▶ **EXERCISE INSTRUCTIONS**
Filter this material down to the lines that contain the string "image", and return those lines.

----

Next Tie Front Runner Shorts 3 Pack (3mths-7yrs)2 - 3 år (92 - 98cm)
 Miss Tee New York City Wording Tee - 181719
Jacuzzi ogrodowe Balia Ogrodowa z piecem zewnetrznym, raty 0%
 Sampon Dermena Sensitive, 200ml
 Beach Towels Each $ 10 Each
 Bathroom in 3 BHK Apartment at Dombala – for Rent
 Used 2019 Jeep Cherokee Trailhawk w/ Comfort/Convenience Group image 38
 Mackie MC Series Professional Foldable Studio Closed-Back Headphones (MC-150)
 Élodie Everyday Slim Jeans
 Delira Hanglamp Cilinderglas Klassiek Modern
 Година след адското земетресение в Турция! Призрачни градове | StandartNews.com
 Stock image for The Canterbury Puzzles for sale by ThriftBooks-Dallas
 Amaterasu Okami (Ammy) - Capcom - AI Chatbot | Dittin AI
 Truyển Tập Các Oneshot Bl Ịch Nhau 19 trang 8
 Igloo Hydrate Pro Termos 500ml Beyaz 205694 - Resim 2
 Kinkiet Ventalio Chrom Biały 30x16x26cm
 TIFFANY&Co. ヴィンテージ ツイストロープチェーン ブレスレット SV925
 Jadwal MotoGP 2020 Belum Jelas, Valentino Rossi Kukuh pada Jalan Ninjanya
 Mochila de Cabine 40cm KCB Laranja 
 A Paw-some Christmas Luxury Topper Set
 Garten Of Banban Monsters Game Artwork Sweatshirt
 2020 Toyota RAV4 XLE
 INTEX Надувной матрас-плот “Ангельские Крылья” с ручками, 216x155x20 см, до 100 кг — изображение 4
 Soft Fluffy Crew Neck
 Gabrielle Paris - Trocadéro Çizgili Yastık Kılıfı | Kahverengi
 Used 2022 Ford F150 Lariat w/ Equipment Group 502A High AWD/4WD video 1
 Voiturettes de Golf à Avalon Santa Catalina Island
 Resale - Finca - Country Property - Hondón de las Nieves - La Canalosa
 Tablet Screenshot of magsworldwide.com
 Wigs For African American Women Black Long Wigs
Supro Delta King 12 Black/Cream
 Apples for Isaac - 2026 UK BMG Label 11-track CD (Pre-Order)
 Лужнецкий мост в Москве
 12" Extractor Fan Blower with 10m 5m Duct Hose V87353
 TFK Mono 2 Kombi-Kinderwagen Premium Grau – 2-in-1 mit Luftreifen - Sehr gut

----

▶ **ANSWER**
 Used 2019 Jeep Cherokee Trailhawk w/ Comfort/Convenience Group image 38
 Stock image for The Canterbury Puzzles for sale by ThriftBooks-Dallas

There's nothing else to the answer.